* **Extracted entries**
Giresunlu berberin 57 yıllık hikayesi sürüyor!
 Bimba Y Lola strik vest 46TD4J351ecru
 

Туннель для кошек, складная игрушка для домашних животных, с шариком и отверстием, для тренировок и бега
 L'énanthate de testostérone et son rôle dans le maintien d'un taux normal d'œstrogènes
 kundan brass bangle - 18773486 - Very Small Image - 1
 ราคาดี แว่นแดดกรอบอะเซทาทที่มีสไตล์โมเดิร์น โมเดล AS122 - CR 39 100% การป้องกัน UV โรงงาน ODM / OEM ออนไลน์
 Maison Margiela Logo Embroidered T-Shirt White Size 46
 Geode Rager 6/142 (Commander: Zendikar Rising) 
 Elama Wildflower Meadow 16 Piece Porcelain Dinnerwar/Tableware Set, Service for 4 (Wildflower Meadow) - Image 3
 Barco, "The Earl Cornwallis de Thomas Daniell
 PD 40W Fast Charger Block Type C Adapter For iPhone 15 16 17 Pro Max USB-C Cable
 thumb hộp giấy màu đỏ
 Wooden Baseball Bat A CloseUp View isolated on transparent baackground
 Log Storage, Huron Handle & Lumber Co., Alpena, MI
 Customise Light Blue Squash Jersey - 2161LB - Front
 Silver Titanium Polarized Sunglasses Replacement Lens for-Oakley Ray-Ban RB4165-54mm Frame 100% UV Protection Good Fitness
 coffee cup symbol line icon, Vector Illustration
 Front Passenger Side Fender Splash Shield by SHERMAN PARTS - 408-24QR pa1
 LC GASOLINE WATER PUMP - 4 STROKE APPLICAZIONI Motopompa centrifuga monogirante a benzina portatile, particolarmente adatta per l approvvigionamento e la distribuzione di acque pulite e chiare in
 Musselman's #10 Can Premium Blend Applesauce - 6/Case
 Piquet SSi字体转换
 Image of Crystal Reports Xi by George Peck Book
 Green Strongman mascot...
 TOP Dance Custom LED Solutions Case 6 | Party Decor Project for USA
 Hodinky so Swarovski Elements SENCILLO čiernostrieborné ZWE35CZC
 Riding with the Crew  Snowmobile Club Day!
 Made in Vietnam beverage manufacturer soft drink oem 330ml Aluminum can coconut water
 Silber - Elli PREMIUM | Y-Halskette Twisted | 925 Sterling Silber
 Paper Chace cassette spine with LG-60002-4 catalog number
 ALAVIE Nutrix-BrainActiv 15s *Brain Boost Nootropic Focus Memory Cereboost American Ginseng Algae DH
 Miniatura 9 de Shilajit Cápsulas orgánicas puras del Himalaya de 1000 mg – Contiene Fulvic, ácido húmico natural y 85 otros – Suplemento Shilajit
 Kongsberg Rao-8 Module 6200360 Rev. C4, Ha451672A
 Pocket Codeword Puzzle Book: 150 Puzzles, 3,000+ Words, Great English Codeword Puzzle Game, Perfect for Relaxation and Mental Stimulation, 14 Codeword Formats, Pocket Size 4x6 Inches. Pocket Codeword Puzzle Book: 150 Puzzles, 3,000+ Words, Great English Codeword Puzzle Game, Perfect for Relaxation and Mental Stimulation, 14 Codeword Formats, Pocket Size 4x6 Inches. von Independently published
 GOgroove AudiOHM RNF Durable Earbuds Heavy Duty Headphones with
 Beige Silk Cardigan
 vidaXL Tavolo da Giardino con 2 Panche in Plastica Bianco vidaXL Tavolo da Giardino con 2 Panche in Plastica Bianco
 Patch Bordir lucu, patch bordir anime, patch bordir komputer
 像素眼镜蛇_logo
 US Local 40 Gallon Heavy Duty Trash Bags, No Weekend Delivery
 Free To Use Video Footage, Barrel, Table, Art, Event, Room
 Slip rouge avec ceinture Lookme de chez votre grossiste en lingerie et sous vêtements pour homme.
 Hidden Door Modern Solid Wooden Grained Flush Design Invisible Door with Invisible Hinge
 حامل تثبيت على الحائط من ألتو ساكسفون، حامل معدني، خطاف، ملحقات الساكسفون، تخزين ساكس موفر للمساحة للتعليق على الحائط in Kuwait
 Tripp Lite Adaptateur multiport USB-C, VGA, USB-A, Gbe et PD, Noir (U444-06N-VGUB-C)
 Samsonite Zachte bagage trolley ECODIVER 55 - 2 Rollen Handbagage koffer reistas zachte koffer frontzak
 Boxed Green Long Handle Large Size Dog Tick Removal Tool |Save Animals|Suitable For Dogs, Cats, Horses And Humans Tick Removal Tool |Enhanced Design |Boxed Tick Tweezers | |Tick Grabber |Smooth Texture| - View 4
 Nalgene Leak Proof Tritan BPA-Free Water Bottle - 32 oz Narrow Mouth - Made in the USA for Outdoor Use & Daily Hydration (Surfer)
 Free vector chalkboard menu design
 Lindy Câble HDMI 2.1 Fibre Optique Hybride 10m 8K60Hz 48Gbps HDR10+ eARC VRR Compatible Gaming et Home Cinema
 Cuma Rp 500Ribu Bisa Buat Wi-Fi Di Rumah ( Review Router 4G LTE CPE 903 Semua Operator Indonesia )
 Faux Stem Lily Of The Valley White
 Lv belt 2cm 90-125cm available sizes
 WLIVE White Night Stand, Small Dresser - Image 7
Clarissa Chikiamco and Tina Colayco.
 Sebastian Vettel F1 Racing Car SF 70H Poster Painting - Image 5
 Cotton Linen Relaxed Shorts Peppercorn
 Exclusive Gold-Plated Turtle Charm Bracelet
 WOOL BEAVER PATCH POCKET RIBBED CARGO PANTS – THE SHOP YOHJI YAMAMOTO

* **Work to complete**
For each line above that holds the string "Free", provide a copy of that line.

* **Answer to the exercise**
 Free To Use Video Footage, Barrel, Table, Art, Event, Room
 Nalgene Leak Proof Tritan BPA-Free Water Bottle - 32 oz Narrow Mouth - Made in the USA for Outdoor Use & Daily Hydration (Surfer)
 Free vector chalkboard menu design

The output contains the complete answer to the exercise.